Facebook In $2bn Oculus Virtual Reality Deal

Written By Unknown on Kamis, 27 Maret 2014 | 00.12

What Facebook Plans For Oculus Takeover

Updated: 1:26pm UK, Wednesday 26 March 2014

By Tom Cheshire, Technology Correspondent

Happy days: now you can actually strap Facebook to your face.

The social networking giant has bought virtual reality headset maker Oculus for $2bn (£1.2bn). Oculus' rise has been quick - from a wildly successful Kickstarter campaign in September 2012 that raised 10 times its asking price, through to a $75m (£45.4m) round of investment as recently as December last year.

But this acquisition has come from nowhere, leaving a lot of people wondering - why did Facebook buy?

On the face of it, the two companies couldn't be more different. The Oculus Rift headset is all about ultra-immersive, hardcore videogaming (it's one of those things you just have to try to see how good it is - and it really is good) and is still in the development phase.

It hasn't sold a single kit to consumers.

Facebook is used for casual social interaction and holiday boasting - and the company's acquisitions have been in software, in businesses with hundreds of millions of users such as WhatsApp and Instagram.
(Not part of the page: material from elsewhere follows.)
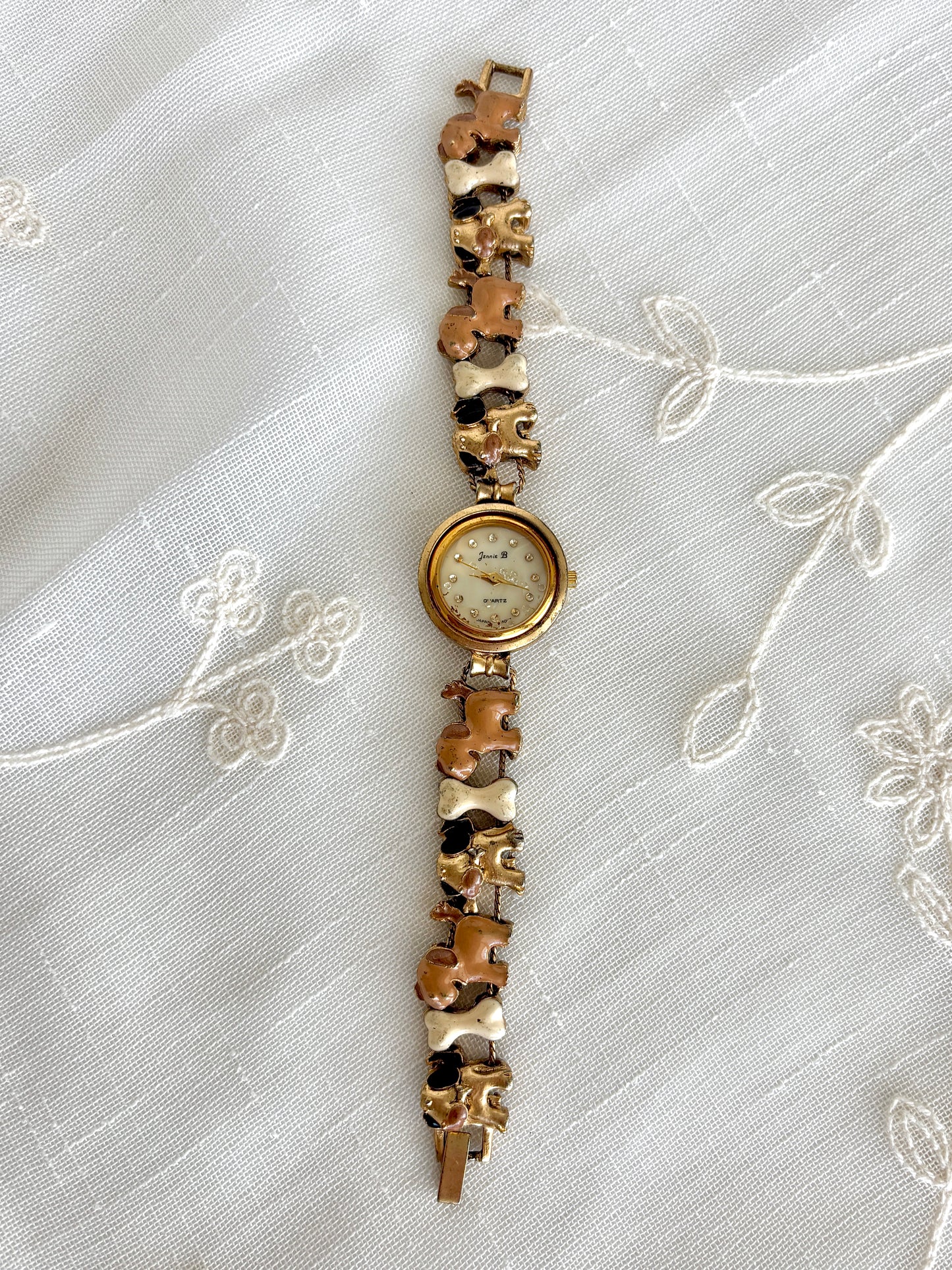 Jennie B Dogs & Bones Slider Charm Watch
Oculus is Facebook's bet on the future - and it's clear the company sees it as more than a gaming device.

In the press release announcing the deal, Mark Zuckerberg said: "Oculus has the chance to create the most social platform ever." Cue images of a terrifying Zuckertopia where you spend days grudgingly liking your friends' lunch photos in a high-definition, ultra-immersive version of Second Life.

But the CEO also imagined some more useful applications such as chatting in person with your doctor, attending an online class, or watching a virtual sports game with friends. Developers have already shown real-world use cases: teams of architects can use it to walk through their virtual renderings and collaborate on plans, for example. Teachers in Australia are already using the kit to help autistic children learn.

In these respects, the Oculus acquisition isn't dissimilar from the recent purchase of WhatsApp.

Facebook wants to own every aspect of human communication, whether that's through the web browser on facebook.com or mobile apps like WhatsApp and Instagram.

The company has also started offering free video calls. It wants to own what Silicon Valley types call the whole "stack", whether it's explicitly Facebook-branded or not. So if people are going to communicate using kits like the Oculus Rift, Facebook wants to mediate that experience. And then use it to sell ads.

It also means that Google is not the only Silicon Valley company to have some exceptionally geeky eyewear.

Tech giants including Apple and Yahoo! are battling to acquire new startups and technologies, and so are driving valuations up.

Two billion dollars is loose change for Facebook, especially since the company will pay only $300m (£181.3m) in cash - the rest will be paid in Facebook shares.

With London-based games developer King.com floating on the New York Stock Exchange at a valuation of $7bn (£4.2bn), some are smugly saying we're in a new tech bubble. We're not - at least not yet.

Valuations are definitely high, but the real test point will come with Chinese web company Alibaba's upcoming IPO - potentially the biggest technology flotation of all time.